Work is a part of life - we all have to do it to pay our bills and set ourselves up for the future. But, it doesn’t always work out the way we planned. If you’re feeling overwhelmed, unable to focus, or just aren’t happy, it may be time to take a break from work. As scary as it sounds, there are ways to make it a little easier on yourself mentally and financially. Here’s what you should know.
Signs you’re experiencing work burnout and need to take a break from work
It happens to the best of us. No matter how much you love your job, work burnout happens. Whether you feel overworked, don’t like your job, or you’re being taken advantage of, it’s important to recognize the signs of burnout so you take a break from work when it’s needed.
You’re in a bad mood every day before and after work
If you wake up dreading the day ahead of you and then come home and take out your bad day on everyone else, you may be burned out. Not that everyone loves every minute of their job, but you shouldn’t dread it before you’re even there or take it home with you every day.
You never feel caught up
Do you feel like the pile on your desk continually gets bigger? Does it feel like you’re climbing Mount Everest but just keep standing still? This could be a sign of burnout. You may not have the energy to do the tasks required of you, so you keep getting behind.
You can’t stay focused on your tasks
If you find yourself wishing you were doing anything but the tasks you’re supposed to do, it’s hard to focus. The longer you daydream or distract yourself with something else, the more the work piles up and the more behind you get.
You've stopped helping others
If you used to be the one that would walk around the office and ask others how you could help them, but you don’t have the energy anymore, you may be burnt out. Whether you feel overworked, can’t handle the stress, or just lost the passion for your job, helping others may feel like more of a chore than a way to help others.
You stopped doing things you love
If you’re so tired when you get home from work that you stopped doing the things you love to do in your free time, it may be time to take a break from work. Self-care is one of the most important ways to stay healthy, and if you can’t make time to do it, everything else in your life will fall apart.
You’re always tired
If you don’t have energy for anything anymore, your job could be draining you.

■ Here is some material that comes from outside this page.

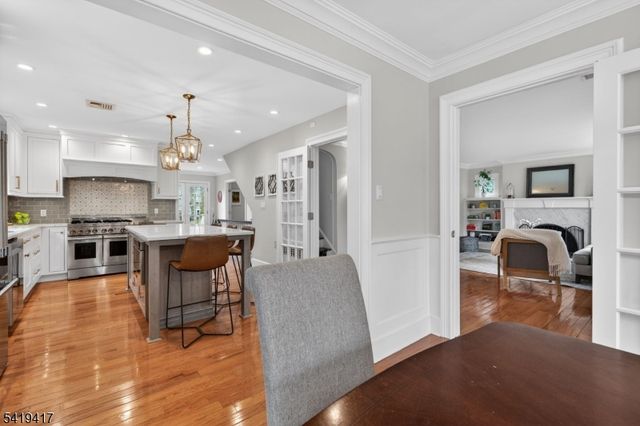 20 Parkview Dr, Millburn Twp., NJ 07041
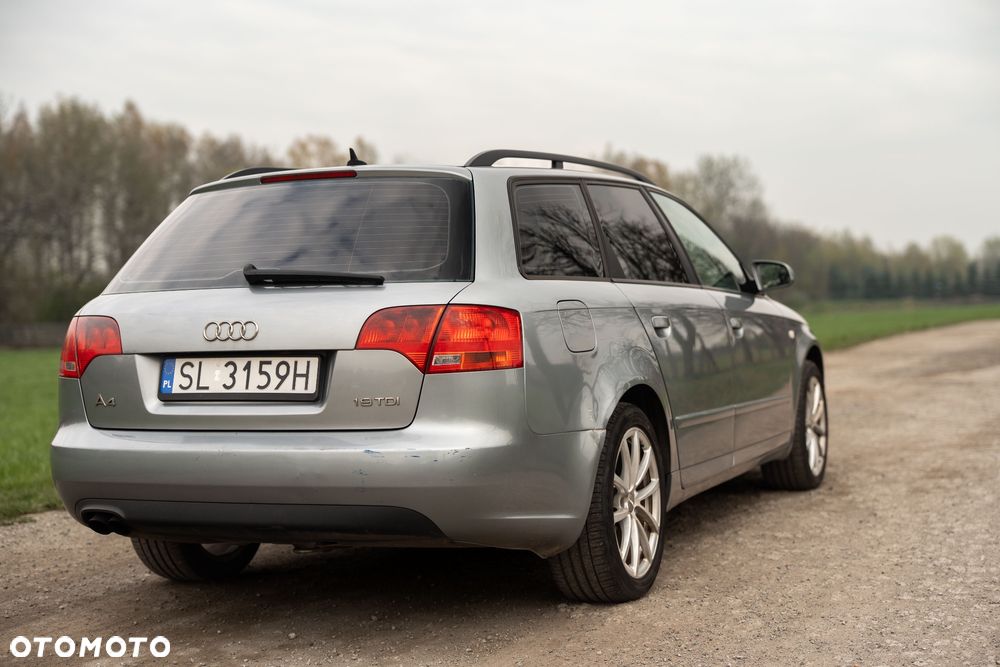 Audi A4 Avant - 6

When you constantly push yourself and don’t take care of your body’s needs, you’ll feel tired. You may even feel like you’re sleeping more, but if it’s not quality sleep, you aren’t giving your body the rest it needs.
If any of these signs sound like what you’re going through, it may be time to take a break from work. Before you do, though, know the pros and cons of taking time off.
Pros and cons when you take a break from work
There are some seriously good and bad things about taking a break from work. Knowing both sides of the problem can help you determine how to solve it.
Pros of taking a break from work
You’ll have time to refocus
If you’re taking a break from work because you got too overwhelmed, the time off gives you room to breathe. You can refocus your efforts on taking care of yourself and figure out what you want if you wish to start a new career, create your own business, or be a stay-at-home parent.
You’ll have time to learn new skills
If you’ve decided your previous career isn’t working for you, taking a break from work frees up your time. You can go back to school, handle online training or seminars to get the training needed to try a new career path.
You’ll have more time for family
If your family life suffered while you were working, use the time off to reconnect. Use the time to be together, do fun things (even if they’re free), and just have fun. Life is short. Use the time to regroup and get your family life back on track.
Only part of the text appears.